Strawberry and almond muffins


I recently got sent a small gift to celebrate the launch of Nush plant based yoghurts here in Finland.  Nush are a UK based company that have the most amazing dairy and soya free yoghurts and cheese spreads.  The gift included a recipe card for a strawberry and almond Victoria sponge cake, which I immediately knew I wanted to try.  I decided to give the recipe a little tweak and made it into these delicious muffins.  The recipe is gluten, dairy and refined sugar free, not to mention incredibly easy.  The only thing I would say, these are not the lightest of muffins.  They use oat and almond flour, which creates a more dense but moist muffin.  However I highly recommend giving them a try.
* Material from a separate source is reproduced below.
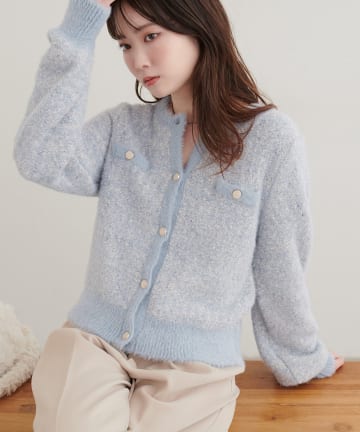 natural couture(ナチュラルクチュール) フェザーヤーンメランジカーディガン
Strawberry and almond muffins using nush almond milk yog

Strawberry and Almond muffins (makes around 8 muffins, depending on the size of your tin)

150 g gluten free oats

100 g almond flour

1 tsp bicarbonate of soda

100 g coconut sugar

1 dl/ 100 ml plant based milk

around 0.6 dl/ 60 ml aquafaba

a few drops of almond extract

1 tub of Nush strawberry flavour almond yog

fresh strawberries and mint leaves to serve

Strawberry and almond muffins


Preheat the oven to 180 degrees c. and line a muffin tray with individual muffin cases

Place the oats in a blender or food processor and pulse into a flour.

In a bowl mix the oat and almond flour with the bicarbonate of soda.

In a separate bowl lightly whisk together the sugar, aquafaba, oat milk and almond extract.

Pour the liquid ingredients into the dry ingredients and stir until fully combined, adding a little extra aqufaba if the mixture is too stiff.

Spoon into the prepared muffin cases and bake for 20 – 30 minutes, or until an inserted tooth pick comes out clean.  Allow to cool.

Top with the Nush strawberry almond yog, a few slices of fresh strawberries and a mint leaf.